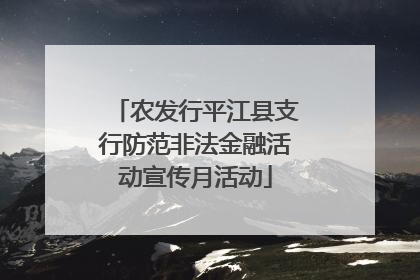 农发行平江县支行防范非法金融活动宣传月活动
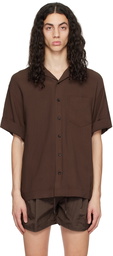 Recto Brown Cuban Collar Shirt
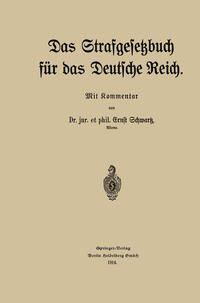Vorderes Coverbild Das Strafgesetzbuch für das Deutsche Reich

• _EXERCISE_:
Return each of the lines exactly as they appear above, with no images.

• _ANSWER FOR THE TASK_:
 农发行平江县支行防范非法金融活动宣传月活动
 Recto Brown Cuban Collar Shirt
Vorderes Coverbild Das Strafgesetzbuch für das Deutsche Reich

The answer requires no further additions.